» Instructions for the task: The entries below are to be restated exactly, and their images are to be omitted.

====== Given information

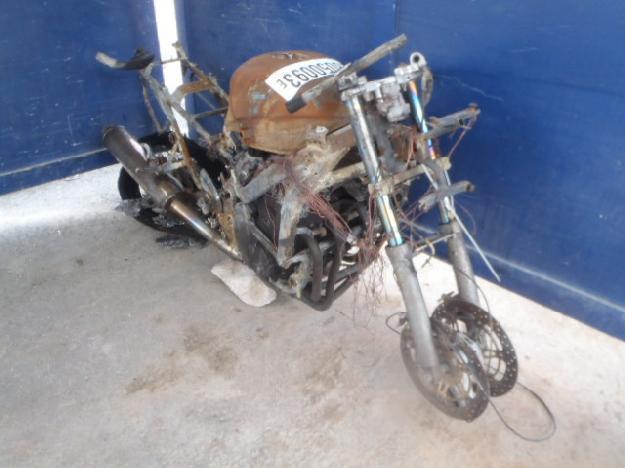 Salvage SUZUKI MOTORCYCLE .6L  4 2000   - Ref#28050093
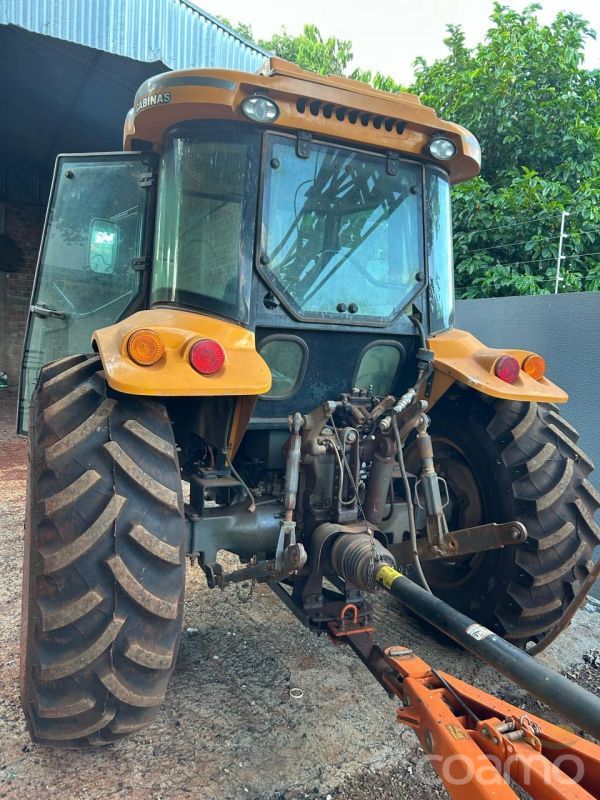 Foto 6 - Trator Valtra A 750 ano 2005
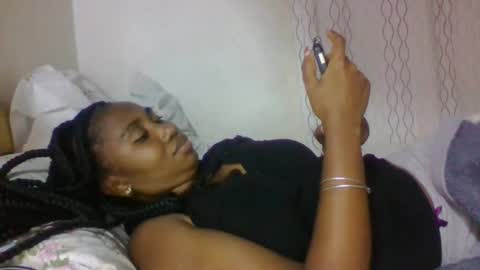 Snapshot of surbelle chatting on May 1, 2026, 4:11 pm surbelle online show from May 1, 2026, 4:11 pm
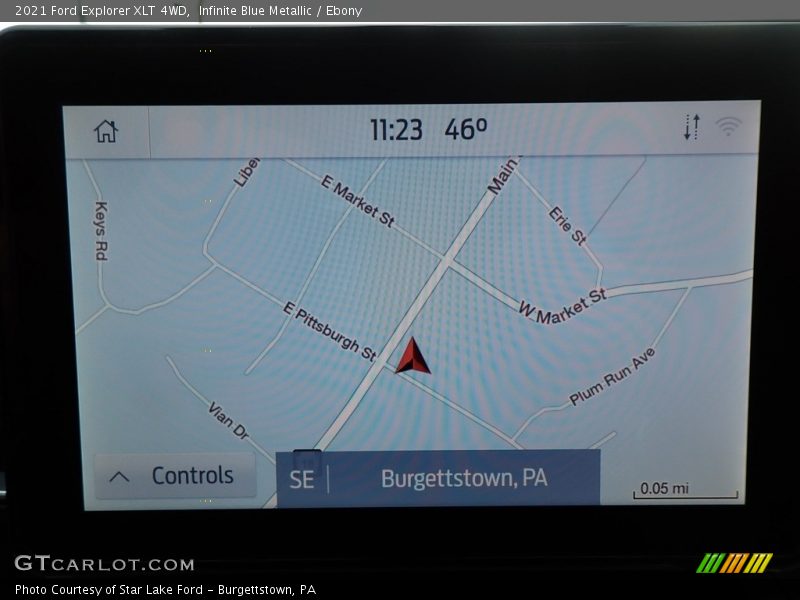 Infinite Blue Metallic / Ebony 2021 Ford Explorer XLT 4WD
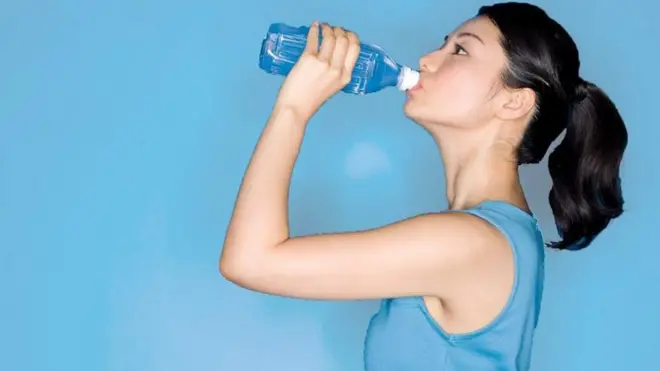 నీళ్లు తాగడం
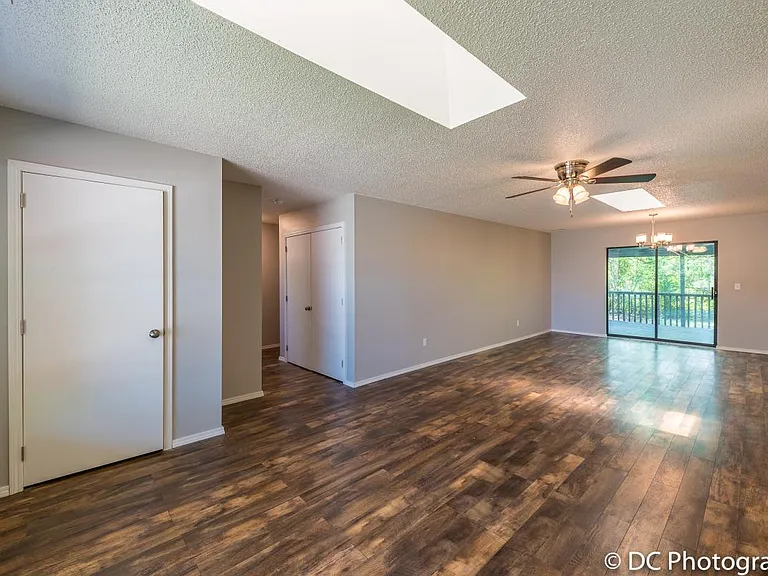 1704 SW D St — Photo 4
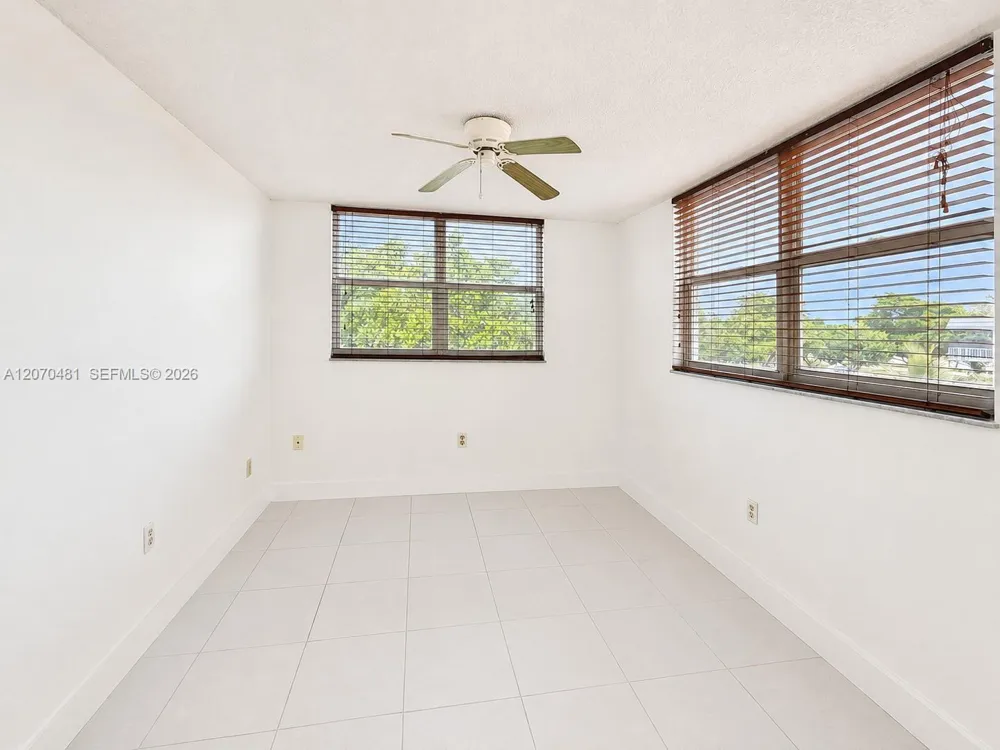 9101 Lime Bay Blvd #315 Tamarac, FL 33321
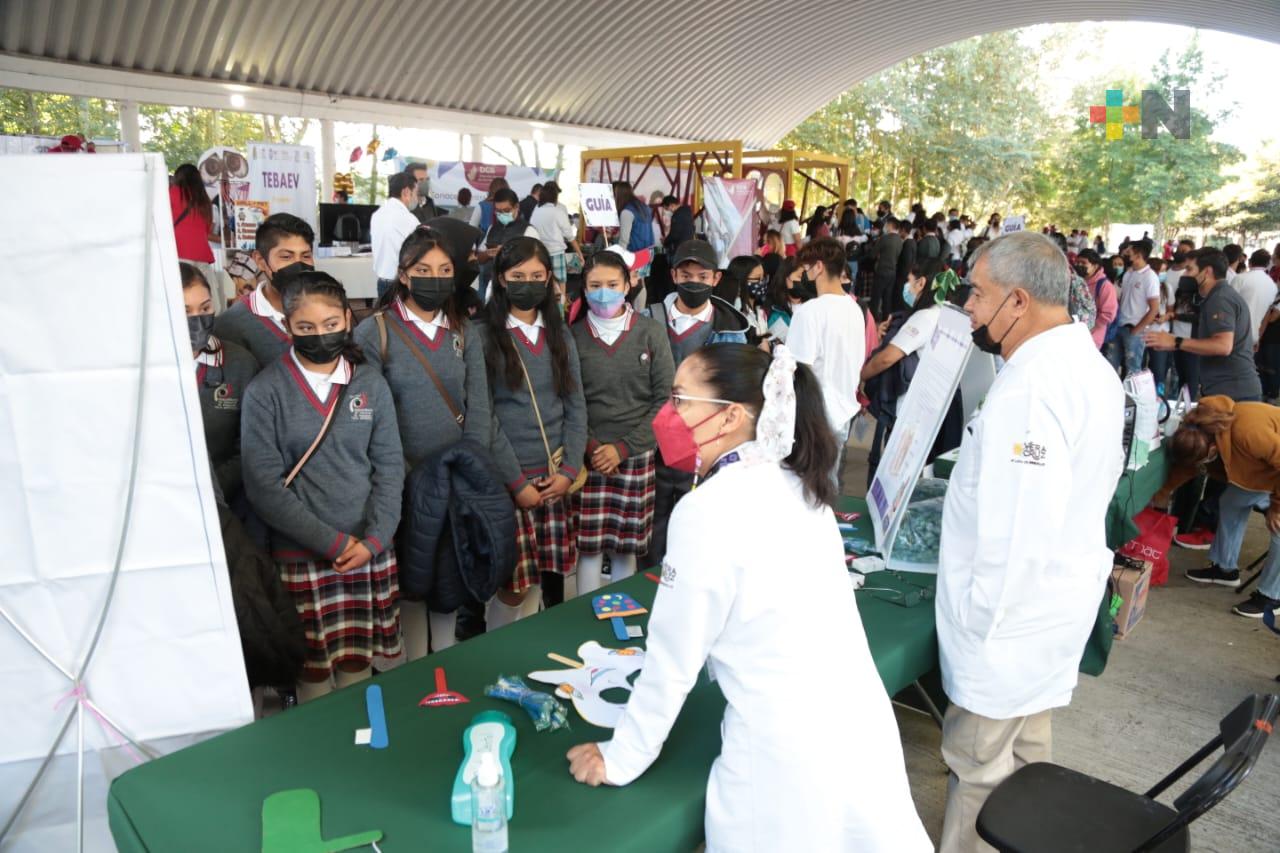 En 10 Expo Ferias, SEV atendió a 120 mil jóvenes que desean continuar sus estudios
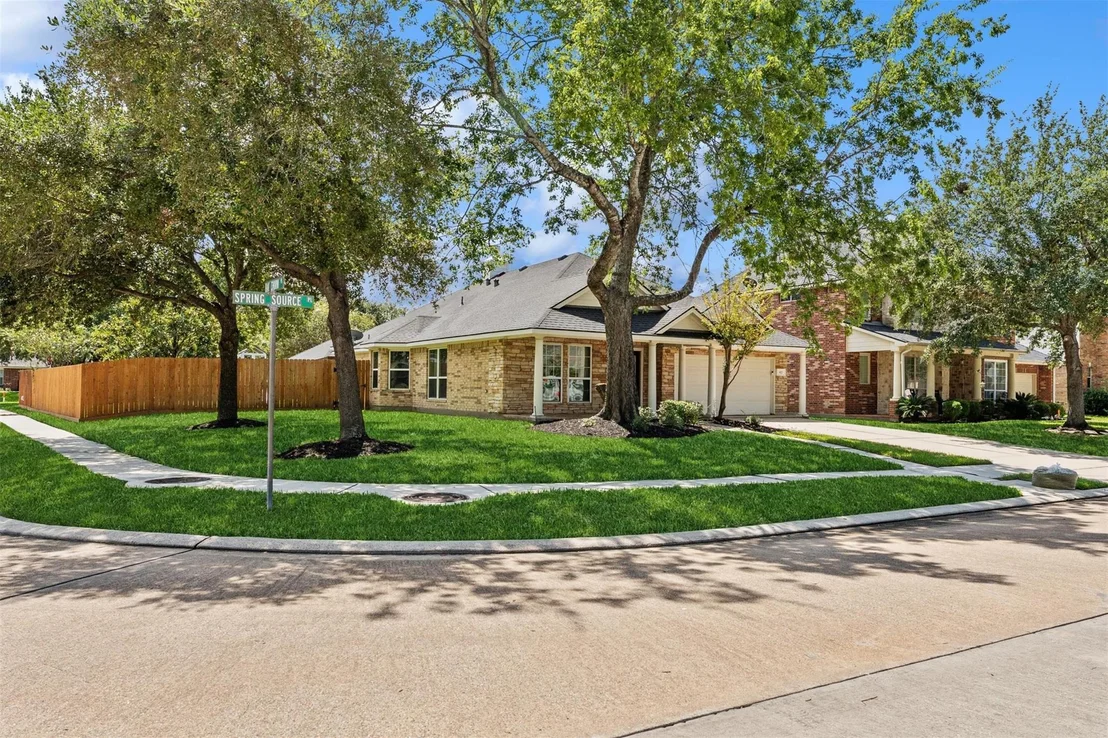 Photo of 922 Spring Source Place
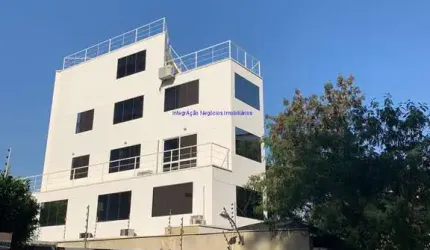 Prédio Comercial 550m², 07 banheiros (sendo 01 na garagem, 02 no primeiro andar, 02 no segundo andar, 01 no terceiro andar e 01 no mezanino), 10 vagas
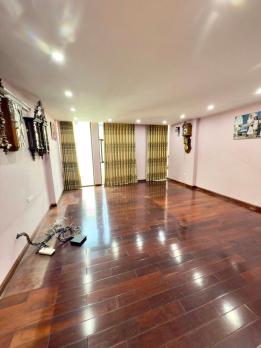 Bán nhà mặt phố Trần Cung, SĐCC 75m2, mặt tiền 5m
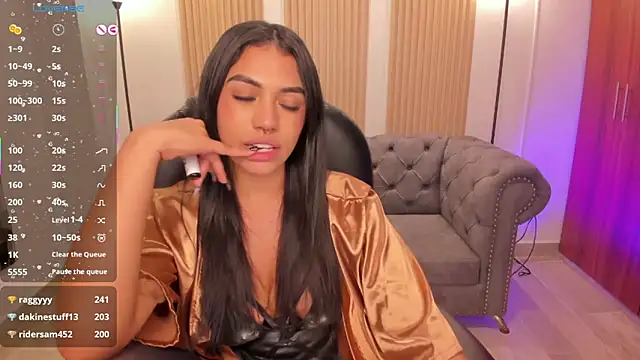 emma_connor1 Adlı Modelin Canlı XXX Sohbeti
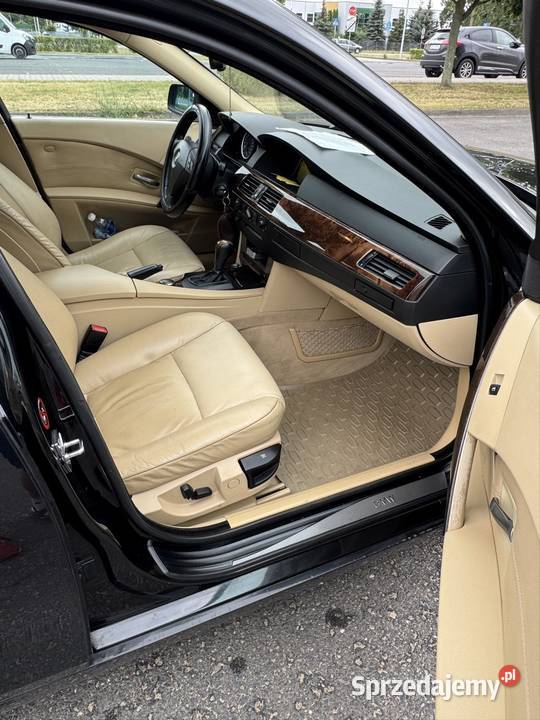 BMW 525i e61 Benzyna Touring192 Super Stan Świecie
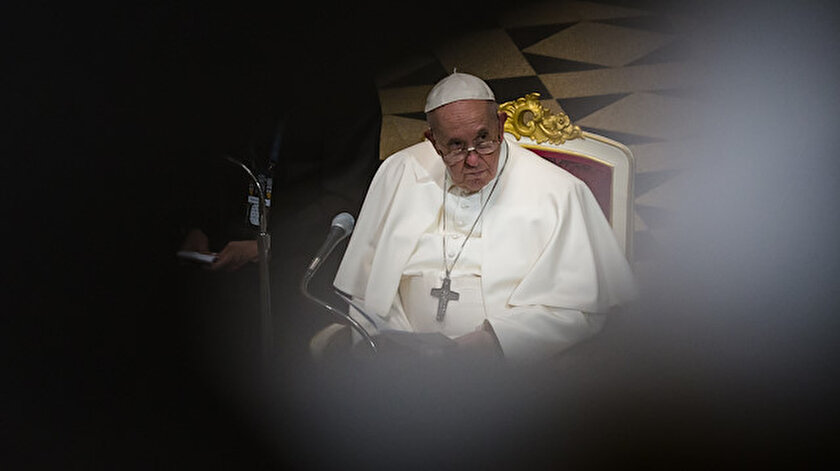 Özür dilemedi: Papa, Fransada 216 bin çocuğun cinsel istismar mağduru olması nedeniyle üzgün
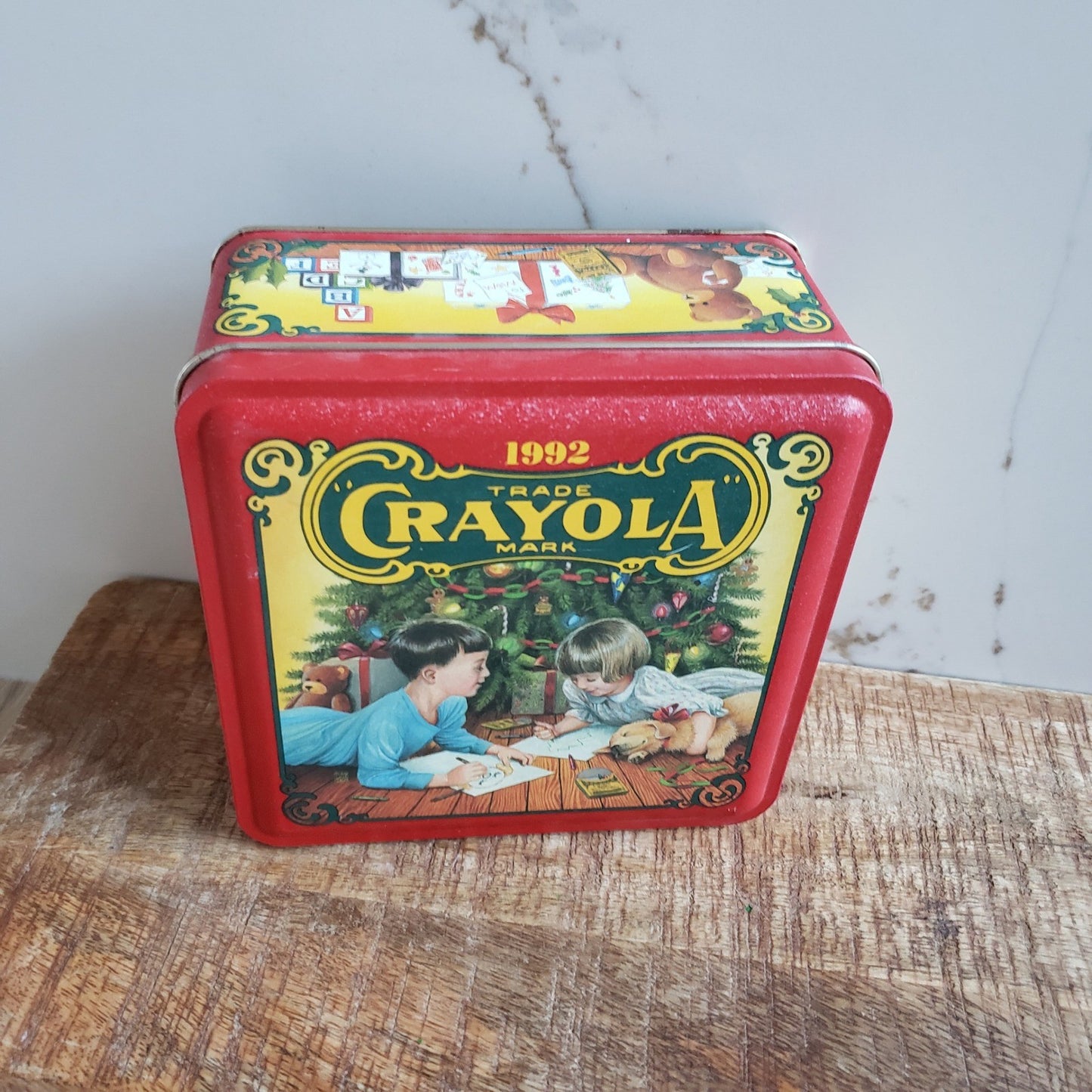 Crayola Collectible Tin Box Vintage 1992 Holiday Wishes Binney Smith USA Crayons3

============

» Exercise response:
 Salvage SUZUKI MOTORCYCLE .6L  4 2000   - Ref#28050093
 Foto 6 - Trator Valtra A 750 ano 2005
 Snapshot of surbelle chatting on May 1, 2026, 4:11 pm surbelle online show from May 1, 2026, 4:11 pm
 Infinite Blue Metallic / Ebony 2021 Ford Explorer XLT 4WD
 నీళ్లు తాగడం
 1704 SW D St — Photo 4
 9101 Lime Bay Blvd #315 Tamarac, FL 33321
 En 10 Expo Ferias, SEV atendió a 120 mil jóvenes que desean continuar sus estudios
 Photo of 922 Spring Source Place
 Prédio Comercial 550m², 07 banheiros (sendo 01 na garagem, 02 no primeiro andar, 02 no segundo andar, 01 no terceiro andar e 01 no mezanino), 10 vagas
 Bán nhà mặt phố Trần Cung, SĐCC 75m2, mặt tiền 5m
 emma_connor1 Adlı Modelin Canlı XXX Sohbeti
 BMW 525i e61 Benzyna Touring192 Super Stan Świecie
 Özür dilemedi: Papa, Fransada 216 bin çocuğun cinsel istismar mağduru olması nedeniyle üzgün
 Crayola Collectible Tin Box Vintage 1992 Holiday Wishes Binney Smith USA Crayons3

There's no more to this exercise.